::: Data records
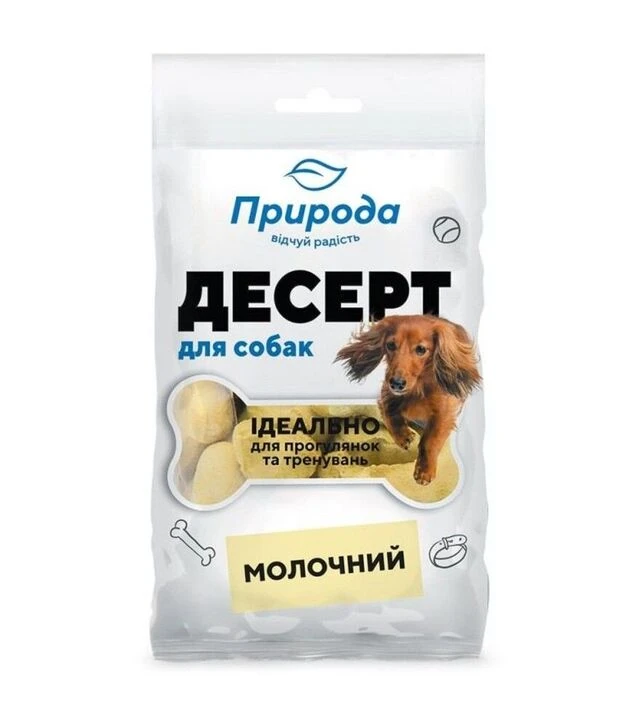 Лакомства для собак Природа Десерт молочный, 100 г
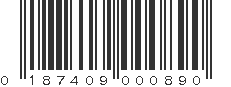 UPC 187409000890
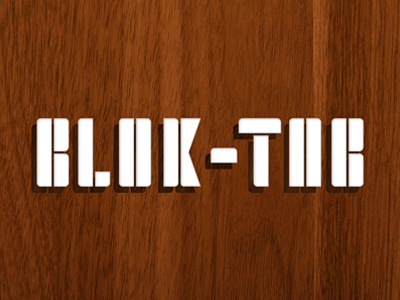 Blok-Tab Typeface Experiment design experiment typeface typography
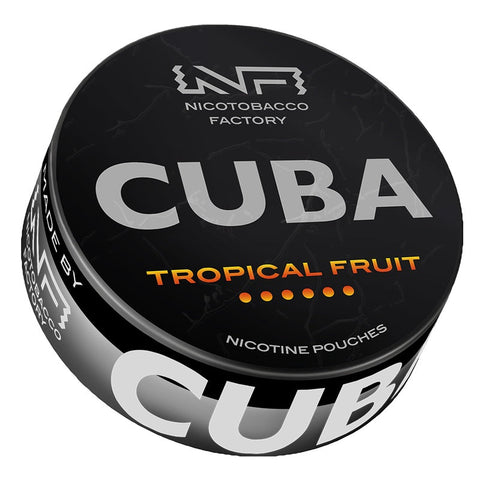 CUBA Black - Tropical Fruit slim nicotine pouches can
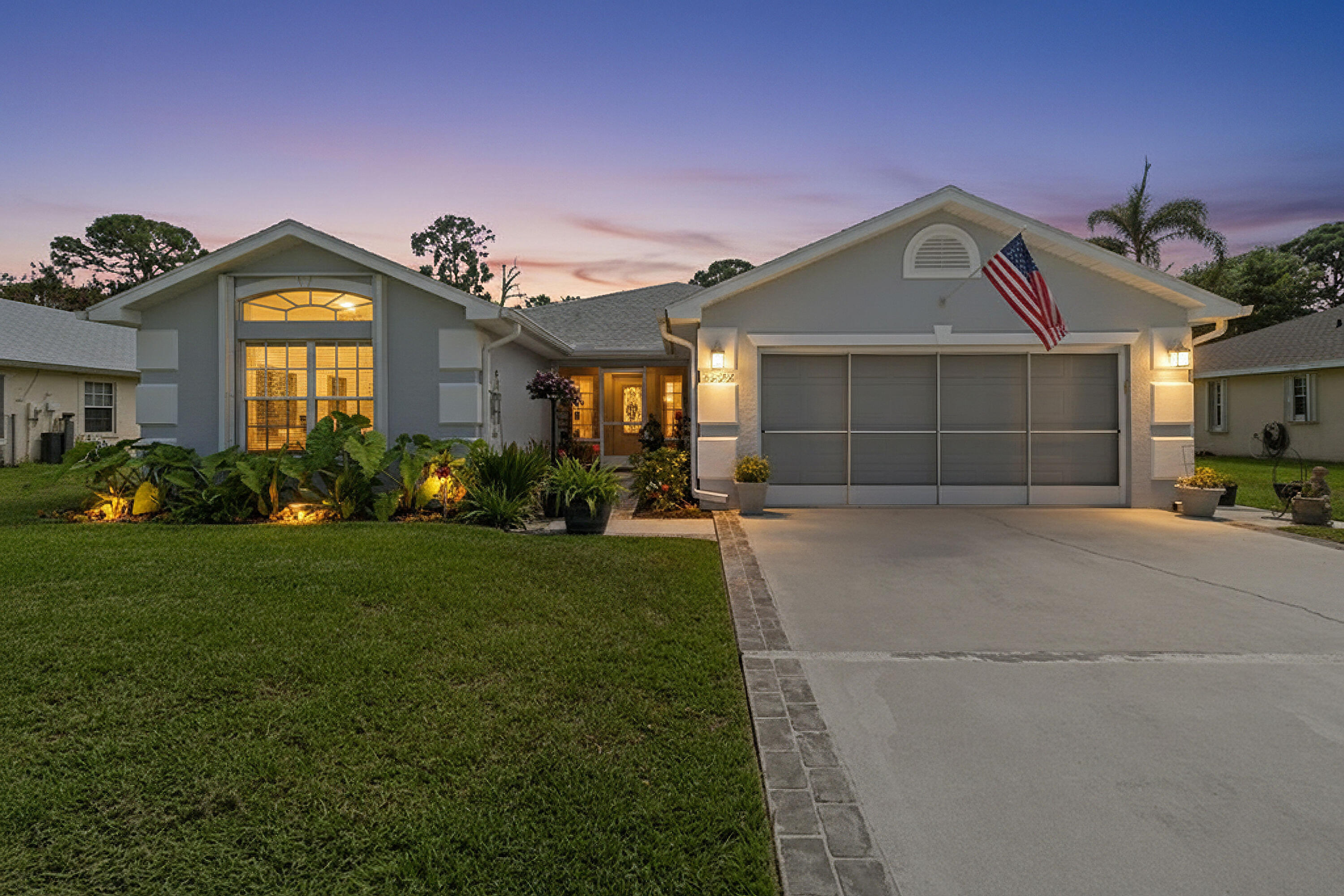 REDUCED! Spotless 3/2/2 POOL home in desirable Oleander Pines.  Large, airy rooms, huge Master BR overlooks pool, en-suite w soaking tub and updated shower, 2 sinks, HUGE walk-in closet.  Formal dining, eat-in kitchen, mudroom.  Screened, covered lanai  and landscaped private pool, 6' privacy fenced back yard.  Screen garage door, screened front patio, accordion shutters.  Conveniently located near US1, lots of BOATING, shopping, restaurants, doctors, GOLF, hiking, kayaking, BEACHES. Minutes to Fort Pierce and Stuart, both unique walkable downtown areas.    THE best part - super LOW cost of living, with $150/YEAR HOA and COUNTY ONLY TAXES, plus septic saves on water bills.  Accordian hurricane shutters.
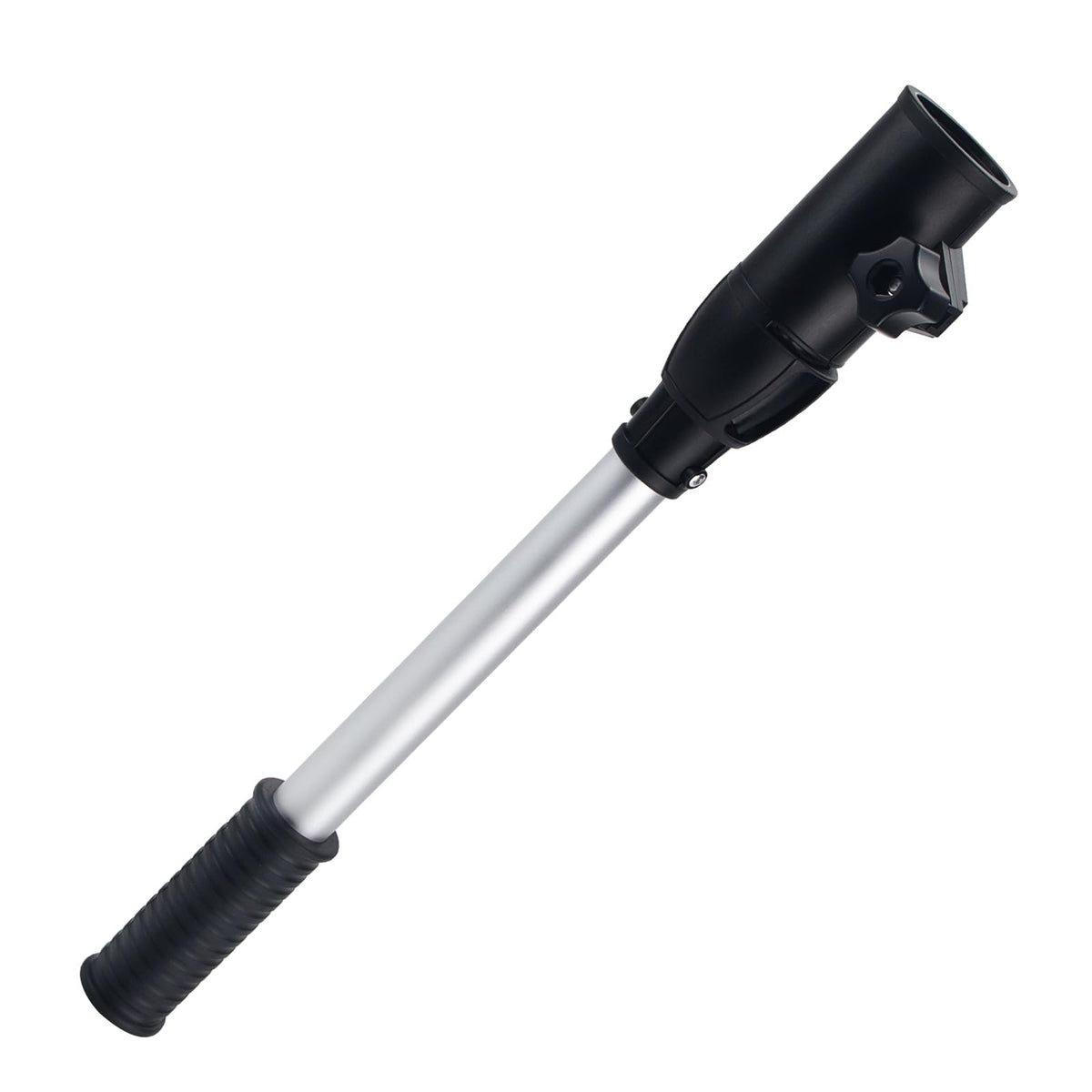 CLGMarine front view of full 17.5 inch tiller extension showing sturdy construction and reach benefit
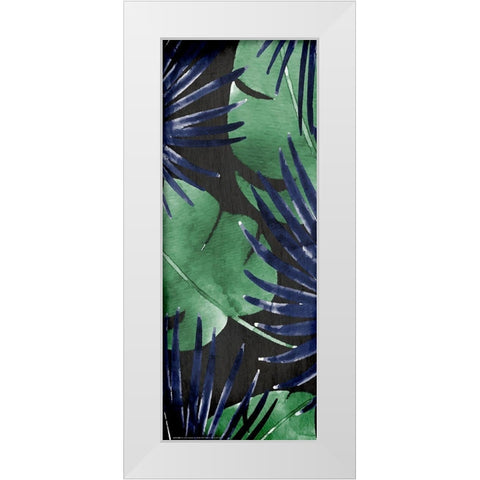 In the Jungle 1 White Modern Wood Framed Art Print by Allen, Kimberly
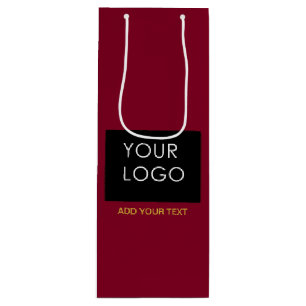 Burgundy Red Anpassade Business Lägg till din Logo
::::::
### [Problem to solve]
Print the material word for word; images are to be left out.

### [Exercise response]
 Лакомства для собак Природа Десерт молочный, 100 г
 UPC 187409000890
 Blok-Tab Typeface Experiment design experiment typeface typography
 CUBA Black - Tropical Fruit slim nicotine pouches can
 REDUCED! Spotless 3/2/2 POOL home in desirable Oleander Pines.  Large, airy rooms, huge Master BR overlooks pool, en-suite w soaking tub and updated shower, 2 sinks, HUGE walk-in closet.  Formal dining, eat-in kitchen, mudroom.  Screened, covered lanai  and landscaped private pool, 6' privacy fenced back yard.  Screen garage door, screened front patio, accordion shutters.  Conveniently located near US1, lots of BOATING, shopping, restaurants, doctors, GOLF, hiking, kayaking, BEACHES. Minutes to Fort Pierce and Stuart, both unique walkable downtown areas.    THE best part - super LOW cost of living, with $150/YEAR HOA and COUNTY ONLY TAXES, plus septic saves on water bills.  Accordian hurricane shutters.
 CLGMarine front view of full 17.5 inch tiller extension showing sturdy construction and reach benefit
 In the Jungle 1 White Modern Wood Framed Art Print by Allen, Kimberly
 Burgundy Red Anpassade Business Lägg till din Logo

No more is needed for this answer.